Depois daquele dia, eu não sabia
quem queria ser mais político. Se eu ou o Reginaldo. Eu porque tinha receio
dele e ele com medo do grandão voltar por ele havia lhe prometido que se o
Reginaldo me tocasse novamente ele voltaria para “acabar com ele” Daí em
diante, mesmo quando sem intenção nenhuma ele olhava pra mim, eu logo ia
dizendo : meu amigo ta lá fora, viu? Mas
aquela situação estava cada vez mais difícil manter sob controle. Foi então que aproveitando uma boa ocasião de
prova, arrumei um jeito e deixei que ele colasse a vontade. Acho que ele nunca
tirou uma nota tão alta na vida. Foi tão alta que a professora suspeitou e
colocou-nos um em cada lado da sala. Mas
ele achou tão bom que disse: daqui pra frente, sou seu protetor e ninguém toca
nocê. Era tudo que eu queria ouvir. Então fiz-lhe uma oferta: olha, não posso
te dar mais cola, porque estamos sentando muito longe um do outro. Mas vou te ajudar com as matérias – vamos estudar
juntos pra prova, ta bem? O garoto não
tinha amigos, pois era filho de gente rica e aprendeu exigir em vez de
pedir. Ficou tão feliz que passou a me
convidar para ir a sua casa. Na primeira vez, ressabiado levei comigo o Gaspar.

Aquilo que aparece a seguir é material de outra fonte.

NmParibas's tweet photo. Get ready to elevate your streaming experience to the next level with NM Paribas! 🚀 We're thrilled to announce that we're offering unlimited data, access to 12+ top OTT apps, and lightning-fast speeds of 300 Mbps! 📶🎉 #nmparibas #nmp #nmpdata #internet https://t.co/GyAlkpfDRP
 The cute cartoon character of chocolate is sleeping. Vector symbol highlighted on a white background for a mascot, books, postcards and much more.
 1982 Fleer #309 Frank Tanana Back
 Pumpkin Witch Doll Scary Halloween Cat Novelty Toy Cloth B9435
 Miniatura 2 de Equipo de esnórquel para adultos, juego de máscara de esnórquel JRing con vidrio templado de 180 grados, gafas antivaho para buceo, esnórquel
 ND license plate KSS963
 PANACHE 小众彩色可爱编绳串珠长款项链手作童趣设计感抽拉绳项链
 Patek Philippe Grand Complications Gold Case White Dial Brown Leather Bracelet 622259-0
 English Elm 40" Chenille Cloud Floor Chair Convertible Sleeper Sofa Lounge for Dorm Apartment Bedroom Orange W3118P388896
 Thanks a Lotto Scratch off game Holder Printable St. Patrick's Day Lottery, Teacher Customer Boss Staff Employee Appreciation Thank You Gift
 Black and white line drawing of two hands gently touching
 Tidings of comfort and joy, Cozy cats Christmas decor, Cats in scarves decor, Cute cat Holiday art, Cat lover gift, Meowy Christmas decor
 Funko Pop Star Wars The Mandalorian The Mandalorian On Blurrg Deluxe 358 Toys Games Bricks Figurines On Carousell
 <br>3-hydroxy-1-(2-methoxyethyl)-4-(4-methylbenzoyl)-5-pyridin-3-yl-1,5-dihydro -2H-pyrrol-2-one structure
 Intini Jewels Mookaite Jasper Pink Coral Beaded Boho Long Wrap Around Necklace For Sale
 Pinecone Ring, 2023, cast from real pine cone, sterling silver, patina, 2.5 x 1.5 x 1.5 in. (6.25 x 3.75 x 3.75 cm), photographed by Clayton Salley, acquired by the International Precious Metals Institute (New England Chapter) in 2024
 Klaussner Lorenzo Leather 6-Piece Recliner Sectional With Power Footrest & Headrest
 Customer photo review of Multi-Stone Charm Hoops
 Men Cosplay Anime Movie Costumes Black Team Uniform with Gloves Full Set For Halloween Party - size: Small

Depois passei a ir com e sem ele e naquela casa não faltava bons lanches para o
professor mirim.
Moral e fim da estória: recebi
meu prêmio e melhor nota na Rádio Clube de Patos e o Reginaldo finalmente
desencalhou do segundo ano primário e o mais importante de tudo é que findei
arrumando um grande e fiel amigo. Parece
coisa do Van Dame, apanha, apanha e depois vence a luta!